Bij het uitvoeren van de actie tegen Shell is door de actievoerders geen fysieke schade aan de tankstations toegebracht en is de hinder voor Shell en de pomphouders beperkt gebleven. Dat de actie van verdachte toch wederrechtelijk is, is gelegen in de omstandigheid dat de actie qua tijdsduur onbeperkt was en dat door onbereikbaarheid niet was voorzien in een regelmatige beëindiging daarvan.
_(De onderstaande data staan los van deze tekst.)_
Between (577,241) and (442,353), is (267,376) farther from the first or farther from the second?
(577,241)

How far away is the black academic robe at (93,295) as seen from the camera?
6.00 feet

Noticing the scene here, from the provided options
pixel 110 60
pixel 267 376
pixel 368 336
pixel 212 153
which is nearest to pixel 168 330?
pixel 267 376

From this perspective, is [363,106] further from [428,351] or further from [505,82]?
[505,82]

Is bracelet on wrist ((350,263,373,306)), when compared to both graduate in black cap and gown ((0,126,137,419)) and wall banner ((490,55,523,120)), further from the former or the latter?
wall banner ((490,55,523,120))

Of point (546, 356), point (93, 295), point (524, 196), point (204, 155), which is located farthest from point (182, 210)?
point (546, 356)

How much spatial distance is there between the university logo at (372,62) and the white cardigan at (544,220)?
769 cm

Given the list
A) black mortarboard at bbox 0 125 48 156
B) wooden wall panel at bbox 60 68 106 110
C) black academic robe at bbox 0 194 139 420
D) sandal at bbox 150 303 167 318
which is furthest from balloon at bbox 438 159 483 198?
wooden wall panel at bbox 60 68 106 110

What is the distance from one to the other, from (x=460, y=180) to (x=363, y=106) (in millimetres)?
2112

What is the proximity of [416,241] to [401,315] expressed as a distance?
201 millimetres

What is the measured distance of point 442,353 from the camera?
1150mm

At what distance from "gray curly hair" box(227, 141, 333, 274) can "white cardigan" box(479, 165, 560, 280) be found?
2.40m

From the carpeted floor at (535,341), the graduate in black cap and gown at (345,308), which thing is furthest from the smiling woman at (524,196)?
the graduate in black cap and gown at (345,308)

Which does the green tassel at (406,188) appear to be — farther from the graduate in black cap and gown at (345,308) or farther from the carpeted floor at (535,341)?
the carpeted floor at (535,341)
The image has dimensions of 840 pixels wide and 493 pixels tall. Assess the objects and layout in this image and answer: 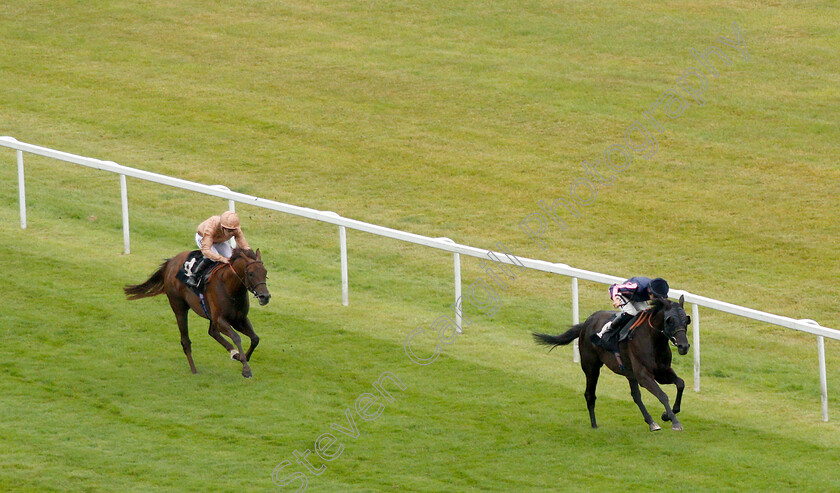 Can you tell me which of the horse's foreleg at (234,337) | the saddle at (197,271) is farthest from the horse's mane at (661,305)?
the saddle at (197,271)

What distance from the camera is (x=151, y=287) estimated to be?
1005cm

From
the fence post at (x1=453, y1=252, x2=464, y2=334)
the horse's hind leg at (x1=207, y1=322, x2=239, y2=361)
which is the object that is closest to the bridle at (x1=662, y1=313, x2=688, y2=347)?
the fence post at (x1=453, y1=252, x2=464, y2=334)

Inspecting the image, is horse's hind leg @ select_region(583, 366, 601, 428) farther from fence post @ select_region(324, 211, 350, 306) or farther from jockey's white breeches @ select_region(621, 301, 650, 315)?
fence post @ select_region(324, 211, 350, 306)

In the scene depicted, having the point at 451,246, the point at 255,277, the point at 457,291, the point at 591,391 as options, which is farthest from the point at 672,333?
the point at 255,277

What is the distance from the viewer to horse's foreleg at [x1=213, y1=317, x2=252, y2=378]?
30.5 ft

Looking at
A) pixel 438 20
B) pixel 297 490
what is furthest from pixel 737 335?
pixel 438 20

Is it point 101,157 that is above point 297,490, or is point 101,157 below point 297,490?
above

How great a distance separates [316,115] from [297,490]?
34.2 ft

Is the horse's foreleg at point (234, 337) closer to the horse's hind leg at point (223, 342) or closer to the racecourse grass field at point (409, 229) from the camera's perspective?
the horse's hind leg at point (223, 342)

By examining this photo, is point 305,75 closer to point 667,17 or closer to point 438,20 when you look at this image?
point 438,20

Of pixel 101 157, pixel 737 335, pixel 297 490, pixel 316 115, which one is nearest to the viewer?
pixel 297 490

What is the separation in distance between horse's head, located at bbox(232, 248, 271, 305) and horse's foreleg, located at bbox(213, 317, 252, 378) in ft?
1.23

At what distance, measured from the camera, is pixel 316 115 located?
17422 millimetres

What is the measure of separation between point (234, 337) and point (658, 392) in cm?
326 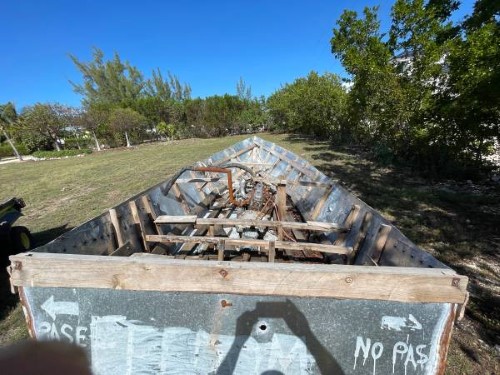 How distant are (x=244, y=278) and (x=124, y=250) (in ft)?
5.98

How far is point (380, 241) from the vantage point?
8.46ft

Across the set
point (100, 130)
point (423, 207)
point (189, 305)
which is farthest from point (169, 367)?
point (100, 130)

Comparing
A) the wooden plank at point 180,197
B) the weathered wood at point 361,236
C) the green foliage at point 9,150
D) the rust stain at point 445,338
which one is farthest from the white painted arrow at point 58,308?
the green foliage at point 9,150

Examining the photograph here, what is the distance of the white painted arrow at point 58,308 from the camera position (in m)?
1.67

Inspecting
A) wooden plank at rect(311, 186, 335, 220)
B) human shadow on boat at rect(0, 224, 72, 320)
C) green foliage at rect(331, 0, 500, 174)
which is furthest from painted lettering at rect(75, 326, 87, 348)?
green foliage at rect(331, 0, 500, 174)

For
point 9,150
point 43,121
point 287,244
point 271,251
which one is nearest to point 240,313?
point 271,251

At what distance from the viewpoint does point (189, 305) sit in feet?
5.37

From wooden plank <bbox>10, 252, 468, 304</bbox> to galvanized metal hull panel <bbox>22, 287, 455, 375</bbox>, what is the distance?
0.06 metres

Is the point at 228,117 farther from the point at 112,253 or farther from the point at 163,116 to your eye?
the point at 112,253

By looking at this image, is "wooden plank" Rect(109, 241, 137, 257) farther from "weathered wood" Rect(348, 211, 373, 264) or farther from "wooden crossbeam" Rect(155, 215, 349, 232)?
"weathered wood" Rect(348, 211, 373, 264)

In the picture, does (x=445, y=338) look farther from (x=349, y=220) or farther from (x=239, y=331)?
(x=349, y=220)

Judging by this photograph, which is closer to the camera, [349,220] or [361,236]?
[361,236]

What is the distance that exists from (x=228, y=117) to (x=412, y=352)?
135 ft

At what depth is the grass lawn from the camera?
296cm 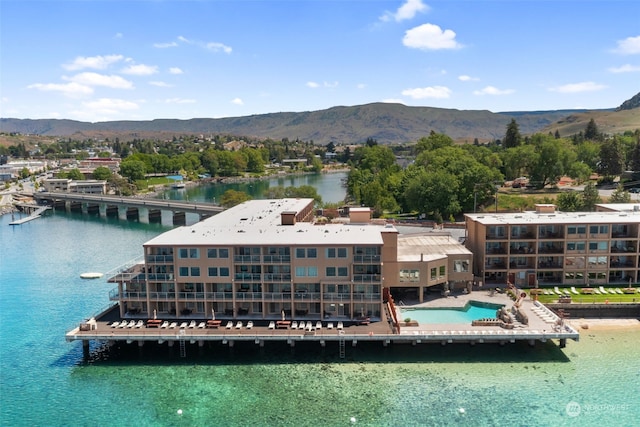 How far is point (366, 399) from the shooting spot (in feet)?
113

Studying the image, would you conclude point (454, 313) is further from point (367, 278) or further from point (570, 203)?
point (570, 203)

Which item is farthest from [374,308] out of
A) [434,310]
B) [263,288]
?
[263,288]

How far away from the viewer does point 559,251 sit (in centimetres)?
5306

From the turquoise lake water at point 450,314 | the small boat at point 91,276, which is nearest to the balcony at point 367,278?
the turquoise lake water at point 450,314

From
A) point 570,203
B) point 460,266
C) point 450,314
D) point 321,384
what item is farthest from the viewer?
point 570,203

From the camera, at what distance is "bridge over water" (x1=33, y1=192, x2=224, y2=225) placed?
112 metres

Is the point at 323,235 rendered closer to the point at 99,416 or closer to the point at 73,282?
the point at 99,416

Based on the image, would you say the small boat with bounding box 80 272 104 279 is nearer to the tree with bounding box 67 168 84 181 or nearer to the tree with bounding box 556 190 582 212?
the tree with bounding box 556 190 582 212

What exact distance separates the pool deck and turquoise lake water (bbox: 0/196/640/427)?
4.32 ft

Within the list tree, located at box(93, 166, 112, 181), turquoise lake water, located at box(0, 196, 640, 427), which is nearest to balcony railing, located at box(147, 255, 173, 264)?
turquoise lake water, located at box(0, 196, 640, 427)

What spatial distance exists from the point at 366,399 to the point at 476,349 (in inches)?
464

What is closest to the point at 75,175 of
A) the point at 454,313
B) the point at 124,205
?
the point at 124,205

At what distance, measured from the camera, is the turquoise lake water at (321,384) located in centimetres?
3278

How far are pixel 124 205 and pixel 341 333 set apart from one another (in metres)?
97.4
Tezamen kon dat ook leiden en heeft dat geleid tot gevaarlijke tegenacties.
Verdachte heeft met zijn deelname aan de actie dan ook grenzen overschreden, zij het in beperkte mate, hetgeen tot uitdrukking zou moeten komen in de strafoplegging. In het voordeel van verdachte laat de rechtbank meewegen dat hij mede-uitvoerder was van een actieplan dat is gemaakt door de organisatie Greenpeace. De fouten waardoor de grens van wederrechtelijkheid zijn overschreden zijn in het bijzonder in de voorbereiding en planning van de actie gemaakt. Strafrechtelijk zijn die fouten meer de organisatie dan de individuele uitvoerder toe te rekenen.
Alles overziend acht de rechtbank dan ook toepassing van artikel 9a Sr geboden, dat wil zeggen dat geen straf of maatregel zal worden opgelegd.

8.De toepasselijke wetsartikelen

- 9a, 47 en 350 van het Wetboek van Strafrecht.
Deze voorschriften zijn toegepast, zoals zij golden ten tijde van het bewezenverklaarde.

9.De beslissing

De rechtbank,
verklaart wettig en overtuigend bewezen, dat verdachte het tenlastegelegde feit heeft begaan en dat het bewezenverklaarde uitmaakt:
medeplegen van opzettelijk en wederrechtelijk enig goed dat geheel of ten dele aan een ander toebehoort, onbruikbaar maken, meermalen gepleegd;
verklaart het bewezen verklaarde en verdachte deswege strafbaar;
verklaart niet bewezen hetgeen aan de verdachte meer of anders is tenlastegelegd dan hierboven is bewezen verklaard en spreekt verdachte daarvan vrij;
legt aan verdachte geen straf of maatregel op.
Dit vonnis is gewezen door
mr. A.H.Th. de Boer, voorzitter,
mrs. Chr.A.J.F.M. Hensen en A.M. Boogers, rechters,
in tegenwoordigheid van mr. F.E. van der Does, griffier,
en uitgesproken ter openbare terechtzitting van 23 augustus 2013.

Voetnoten

1.Wanneer hierna wordt verwezen naar een proces-verbaal, wordt - tenzij anders vermeld - bedoeld een ambtsedig proces-verbaal, opgemaakt in de wettelijke vorm door (een) daartoe bevoegde opsporingsambtena(a)r(en). Waar wordt verwezen naar dossierpagina’s, betreft dit de pagina’s van het proces-verbaal met het nummer PL05OB 2012095809, van de regiopolitie Twente, met bijlagen (doorgenummerd blz. 1 t/m 105).
2.Proces-verbaal aangifte [naam eigenaar], p. 51 en 52, proces-verbaal aangifte [naam eigenaar], p. 68 t/m 70.
3.Proces-verbaal van bevindingen, p. 55 en 56, proces-verbaal van bevindingen, p. 72 en 73.